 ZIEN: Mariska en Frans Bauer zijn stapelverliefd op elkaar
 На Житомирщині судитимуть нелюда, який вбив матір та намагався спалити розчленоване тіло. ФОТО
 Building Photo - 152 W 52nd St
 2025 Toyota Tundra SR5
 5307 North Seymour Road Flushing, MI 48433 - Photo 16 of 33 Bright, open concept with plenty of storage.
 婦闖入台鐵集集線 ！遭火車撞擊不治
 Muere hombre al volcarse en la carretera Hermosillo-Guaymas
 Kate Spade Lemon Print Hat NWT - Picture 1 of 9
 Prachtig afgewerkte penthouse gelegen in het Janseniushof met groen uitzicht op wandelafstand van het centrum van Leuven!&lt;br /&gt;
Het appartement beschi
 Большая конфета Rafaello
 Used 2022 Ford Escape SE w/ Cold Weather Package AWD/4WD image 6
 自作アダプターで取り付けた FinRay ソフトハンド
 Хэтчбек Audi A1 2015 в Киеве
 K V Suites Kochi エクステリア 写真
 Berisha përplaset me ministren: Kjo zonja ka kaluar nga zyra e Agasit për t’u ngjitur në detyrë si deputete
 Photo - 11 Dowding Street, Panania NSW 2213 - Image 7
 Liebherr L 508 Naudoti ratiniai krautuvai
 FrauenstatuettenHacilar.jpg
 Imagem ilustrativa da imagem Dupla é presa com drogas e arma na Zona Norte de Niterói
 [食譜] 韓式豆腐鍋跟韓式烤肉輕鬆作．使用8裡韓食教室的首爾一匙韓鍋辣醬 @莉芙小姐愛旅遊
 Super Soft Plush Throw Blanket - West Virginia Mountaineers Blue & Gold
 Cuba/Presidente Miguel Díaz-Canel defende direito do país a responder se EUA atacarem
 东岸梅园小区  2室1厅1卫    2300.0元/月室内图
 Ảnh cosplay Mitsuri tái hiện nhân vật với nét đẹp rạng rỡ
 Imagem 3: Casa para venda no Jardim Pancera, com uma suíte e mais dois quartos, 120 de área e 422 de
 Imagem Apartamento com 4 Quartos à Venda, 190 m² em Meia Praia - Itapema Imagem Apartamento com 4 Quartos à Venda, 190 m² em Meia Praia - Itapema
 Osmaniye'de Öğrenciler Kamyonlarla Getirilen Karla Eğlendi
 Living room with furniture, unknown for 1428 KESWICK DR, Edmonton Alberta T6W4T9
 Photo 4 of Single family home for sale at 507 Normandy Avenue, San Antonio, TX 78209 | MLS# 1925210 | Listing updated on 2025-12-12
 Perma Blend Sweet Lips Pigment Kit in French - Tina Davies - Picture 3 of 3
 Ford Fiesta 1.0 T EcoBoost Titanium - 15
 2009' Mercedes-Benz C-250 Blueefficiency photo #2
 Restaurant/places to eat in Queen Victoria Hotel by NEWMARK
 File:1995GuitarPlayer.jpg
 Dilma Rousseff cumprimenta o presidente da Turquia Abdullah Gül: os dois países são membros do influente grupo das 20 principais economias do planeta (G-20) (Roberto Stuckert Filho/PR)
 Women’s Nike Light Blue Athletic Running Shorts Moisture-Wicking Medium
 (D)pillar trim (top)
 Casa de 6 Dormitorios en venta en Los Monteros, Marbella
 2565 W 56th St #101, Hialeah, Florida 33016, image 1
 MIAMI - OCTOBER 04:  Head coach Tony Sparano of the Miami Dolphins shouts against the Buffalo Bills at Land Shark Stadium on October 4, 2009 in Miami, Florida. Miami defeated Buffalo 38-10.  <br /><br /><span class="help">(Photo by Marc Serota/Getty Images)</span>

──────

Copy every line of the data that holds the string "Florida".

◆ Expected output:
 2565 W 56th St #101, Hialeah, Florida 33016, image 1
 MIAMI - OCTOBER 04:  Head coach Tony Sparano of the Miami Dolphins shouts against the Buffalo Bills at Land Shark Stadium on October 4, 2009 in Miami, Florida. Miami defeated Buffalo 38-10.  <br /><br /><span class="help">(Photo by Marc Serota/Getty Images)</span>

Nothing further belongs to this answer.